Implementing trilinear/anisotropic in the pixel shader

Anteru

Newcomer
Just twiddling around with filtering inside the pixel shader, and I wonder how is this supposed to work. Got no mip-map (texture too large), so I can't use HW filtering, and I'm off implementing my own.

Trilinear in the pixel shader seems easy enough. I snap the coordinates, compute four bilinear samples plus the one for the current mip-map level, and blend them together using 4 lerps (3 for the lookup at the non-existing higher mip map level, and one for the final blend). So far, this looks 1:1 like the HW filtering. Not sure if there is a more efficient way, as the lerps and such look a bit wasteful.

However, I'm stuck with anisotropic.
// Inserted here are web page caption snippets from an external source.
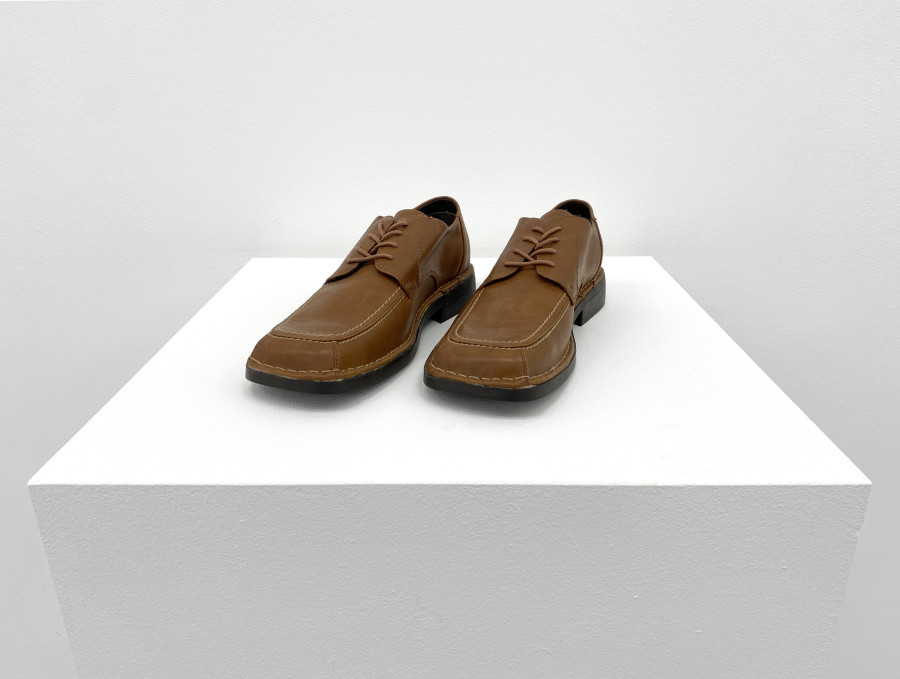 Hans-Peter Feldmann, 2 linke Schuhe, 1990s, Leather shoes, approx. 30 x 22 x 12 cm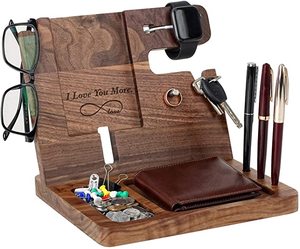 Organizador de madera para teléfono móvil, Soporte para reloj, estación de acoplamiento de carga de madera para hombres, <span class=keywords><strong>regalo</strong></span> <span class=keywords><strong>personalizado</strong></span> para el <span class=keywords><strong>Día</strong></span> <span class=keywords><strong>del</strong></span> <span class=keywords><strong>Padre</strong></span> - Product Image 1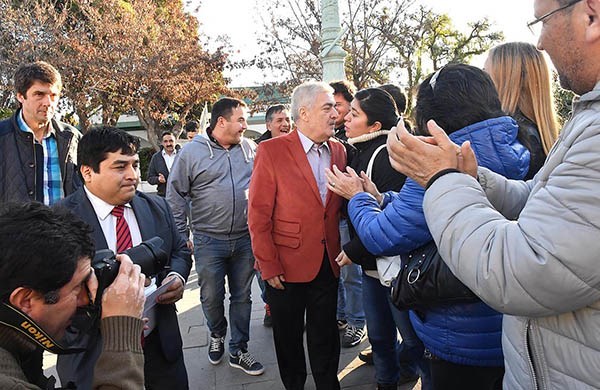 Afecto. A minutos de su reasunción, Das Neves se encontró con la militancia en la puerta de Fontana 50.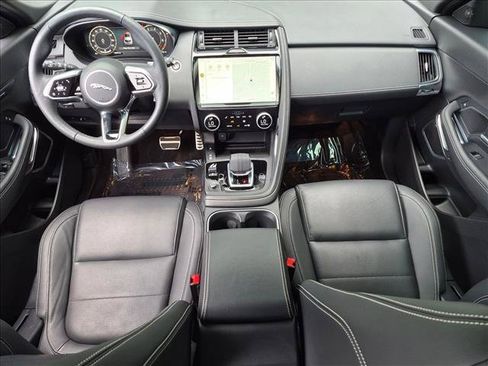 Certified 2024 Jaguar E-PACE R-Dynamic SE AWD/4WD image 19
I couldn't find a good reference in the web except:For some reason or another (maybe I'm just too stupid), I can't get the first one working. Didn't get around to implementing the second one yet. Well, nevertheless, I'm wondering how exactly is it implemented in hardware? Or at least, how can I get reasonably close to a hardware implementation in the pixel shader? Does anyone know a good source, or better yet, a working GLSL/HLSL implementation which is reasonably fast?
 
Hmm... I'm curious, why are you using a larger texture than supported by the filtering unit? MegaTexture?

Yep. For previewing, I want to load it, and to reduce memory usage, I don't want the mip maps. Thinking further, I'd probably also don't want to load the mip maps of the tiles either, to save 25-33% bandwidth per frame during upload, at the expense of doing the filtering on my own.

Moreover, I'm really curious how to do it, having spent around one week fulltime now and still not anywhere close to good anisotropic filtering. For trilinear, I'm also wondering how an efficient implementation looks like, cause I got currently already loads of arithmetic going on, and I think I'll need trilinear lookups for the anisotropic lookup, so this is just getting worse then. DX10 also complains about some gradient instructions in it, so I wonder how one is supposed to do it.
 
Yep. For previewing, I want to load it, and to reduce memory usage, I don't want the mip maps. Thinking further, I'd probably also don't want to load the mip maps of the tiles either, to save 25-33% bandwidth per frame during upload, at the expense of doing the filtering on my own.
This is just a gut feeling, but that sounds like false economy to me.
 
This is just a gut feeling, but that sounds like false economy to me.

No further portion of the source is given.